● **Given information**
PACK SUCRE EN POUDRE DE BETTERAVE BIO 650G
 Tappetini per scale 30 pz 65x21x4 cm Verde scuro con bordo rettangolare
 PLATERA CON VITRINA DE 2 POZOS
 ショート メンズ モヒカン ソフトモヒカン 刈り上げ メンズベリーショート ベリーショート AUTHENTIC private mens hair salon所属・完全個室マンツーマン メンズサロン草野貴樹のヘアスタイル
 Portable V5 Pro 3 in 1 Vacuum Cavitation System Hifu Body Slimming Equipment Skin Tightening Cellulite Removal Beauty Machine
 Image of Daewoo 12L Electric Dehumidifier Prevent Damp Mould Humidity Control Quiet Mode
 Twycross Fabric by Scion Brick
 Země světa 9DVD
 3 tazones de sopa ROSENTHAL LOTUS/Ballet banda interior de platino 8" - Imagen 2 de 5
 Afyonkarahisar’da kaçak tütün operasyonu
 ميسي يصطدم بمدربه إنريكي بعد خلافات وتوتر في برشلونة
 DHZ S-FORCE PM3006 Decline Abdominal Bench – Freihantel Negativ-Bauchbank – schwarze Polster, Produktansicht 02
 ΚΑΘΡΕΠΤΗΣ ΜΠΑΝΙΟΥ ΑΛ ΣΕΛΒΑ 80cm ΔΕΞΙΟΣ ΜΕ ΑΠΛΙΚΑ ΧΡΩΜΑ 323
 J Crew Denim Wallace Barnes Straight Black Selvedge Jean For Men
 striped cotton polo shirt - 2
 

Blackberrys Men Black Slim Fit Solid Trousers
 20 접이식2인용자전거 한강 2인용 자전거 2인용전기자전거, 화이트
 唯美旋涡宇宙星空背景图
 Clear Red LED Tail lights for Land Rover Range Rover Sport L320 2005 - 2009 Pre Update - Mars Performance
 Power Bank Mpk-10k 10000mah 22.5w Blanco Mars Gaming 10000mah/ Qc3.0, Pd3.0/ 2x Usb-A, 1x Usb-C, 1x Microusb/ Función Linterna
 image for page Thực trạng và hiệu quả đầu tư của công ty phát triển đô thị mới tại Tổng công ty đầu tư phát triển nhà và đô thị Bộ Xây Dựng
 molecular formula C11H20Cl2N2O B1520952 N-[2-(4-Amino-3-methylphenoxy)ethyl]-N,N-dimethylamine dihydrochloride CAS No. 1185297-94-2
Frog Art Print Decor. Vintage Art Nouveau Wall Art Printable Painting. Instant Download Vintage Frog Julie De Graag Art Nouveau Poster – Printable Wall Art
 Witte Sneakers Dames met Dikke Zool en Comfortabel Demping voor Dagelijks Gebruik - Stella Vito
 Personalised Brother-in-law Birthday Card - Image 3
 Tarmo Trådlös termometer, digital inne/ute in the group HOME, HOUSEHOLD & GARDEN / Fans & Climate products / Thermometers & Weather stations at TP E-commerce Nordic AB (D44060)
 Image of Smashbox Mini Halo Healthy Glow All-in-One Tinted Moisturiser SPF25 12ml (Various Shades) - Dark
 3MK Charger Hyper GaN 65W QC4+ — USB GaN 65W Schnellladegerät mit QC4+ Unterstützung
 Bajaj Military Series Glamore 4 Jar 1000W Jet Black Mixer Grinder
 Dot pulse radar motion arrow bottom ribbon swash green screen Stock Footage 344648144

● **What to produce**
Starting at the line that contains "Bajaj Military Series", write out every line through the end of the entries, exactly and with nothing added.

● **Solution for this exercise**
 Bajaj Military Series Glamore 4 Jar 1000W Jet Black Mixer Grinder
 Dot pulse radar motion arrow bottom ribbon swash green screen Stock Footage 344648144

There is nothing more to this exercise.